For Individuals: Treat Building and Distribution as the Same Skill
If you’re a marketer, learn to build. If you’re an engineer, learn distribution. If you’re neither, start now — because the tools have never been more accessible.
The convergence is happening. The Model Context Protocol is making it possible for AI to connect directly to marketing platforms, ad networks, and analytics tools. AI coding assistants are making it possible for non-engineers to build functional tools and workflows. The barriers between “building” and “distributing” are dissolving.
Here’s a practical starting path:
- Pick one tool and go deep. Choose an automation platform — Clay, n8n, or Make — and learn to build workflows. Start with a simple one: automatically enrich new leads with company data and score them based on fit criteria.
- Build something with AI. Use Claude, GPT, or Cursor to build a small tool that solves a real distribution problem. It could be a script that monitors competitor pricing pages, a bot that generates social media content from your blog posts, or a dashboard that tracks your key distribution metrics. The point isn’t what you build — it’s that you build.
- Start distributing. If you don’t have a personal channel, start one. Write on Substack. Post on LinkedIn. Create short-form video content. The medium doesn’t matter. What matters is that you develop an intuition for what resonates, what spreads, and what converts. Distribution is a skill learned through practice, not theory.

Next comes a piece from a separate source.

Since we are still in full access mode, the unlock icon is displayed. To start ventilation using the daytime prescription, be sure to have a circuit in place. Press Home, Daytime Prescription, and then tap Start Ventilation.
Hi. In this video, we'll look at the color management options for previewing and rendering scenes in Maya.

- Think in systems, not tasks. Every time you do something manually, ask yourself: “Could this be automated? Could an AI agent do this? Could I build a system that does this continuously?” Train yourself to see every manual process as a prototype for an automated system.

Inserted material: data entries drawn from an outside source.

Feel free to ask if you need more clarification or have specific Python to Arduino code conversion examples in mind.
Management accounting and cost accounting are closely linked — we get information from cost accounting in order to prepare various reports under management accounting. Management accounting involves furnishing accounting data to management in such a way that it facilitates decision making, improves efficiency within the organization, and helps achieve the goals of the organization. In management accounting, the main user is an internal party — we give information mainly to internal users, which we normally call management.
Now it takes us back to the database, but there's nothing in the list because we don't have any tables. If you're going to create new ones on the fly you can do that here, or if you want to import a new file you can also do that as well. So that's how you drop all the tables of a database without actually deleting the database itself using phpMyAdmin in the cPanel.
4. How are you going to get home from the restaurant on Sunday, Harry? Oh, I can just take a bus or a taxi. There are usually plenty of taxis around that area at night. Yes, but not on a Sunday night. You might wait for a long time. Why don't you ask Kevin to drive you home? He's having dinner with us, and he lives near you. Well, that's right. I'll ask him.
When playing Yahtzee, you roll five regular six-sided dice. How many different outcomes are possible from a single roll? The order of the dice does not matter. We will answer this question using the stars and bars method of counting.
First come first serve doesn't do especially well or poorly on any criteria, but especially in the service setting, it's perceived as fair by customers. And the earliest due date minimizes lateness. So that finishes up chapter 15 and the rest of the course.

- Study the best. Look at how Anthropic’s growth team operates with AI. Look at how a16z built distribution infrastructure. Look at how solo operators run six-figure businesses with AI-powered workflows. These aren’t just case studies — they’re blueprints.
The Tools Are Already Here
I want to end on a point that is both empowering and terrifying: everything I’ve described in this article is possible today. Not in some imagined future. Not with tools that are “coming soon.” Right now, with tools that are available, affordable, and increasingly easy to use.
The MCP protocol is already being adopted by major AI providers and workflow platforms. AI agent swarms can already automate end-to-end marketing workflows. AI coding assistants can already enable non-engineers to build custom tools. Solo operators are already running multi-client businesses with AI-powered stacks that cost less than $500 per month.
The question is not whether this transformation is coming. It’s whether you’ll be the one building the distribution machine — or the one being replaced by it.
The Bottom Line
The Distribution Engineer is not a trend. It’s not a buzzword. It’s the inevitable result of two converging forces: the commoditization of software development and the maturation of AI-powered automation. When building becomes free, distribution becomes everything. And when distribution becomes everything, it needs its own kind of engineer.
The companies that understand this — the Anthropics, the a16zs, the lean startups that hire a builder instead of a team — will have a compounding advantage that grows wider every quarter. The companies that don’t will hire bigger marketing teams, run more campaigns, and wonder why they’re falling further behind.
The future belongs to those who can build the machines that distribute. Everything else is noise.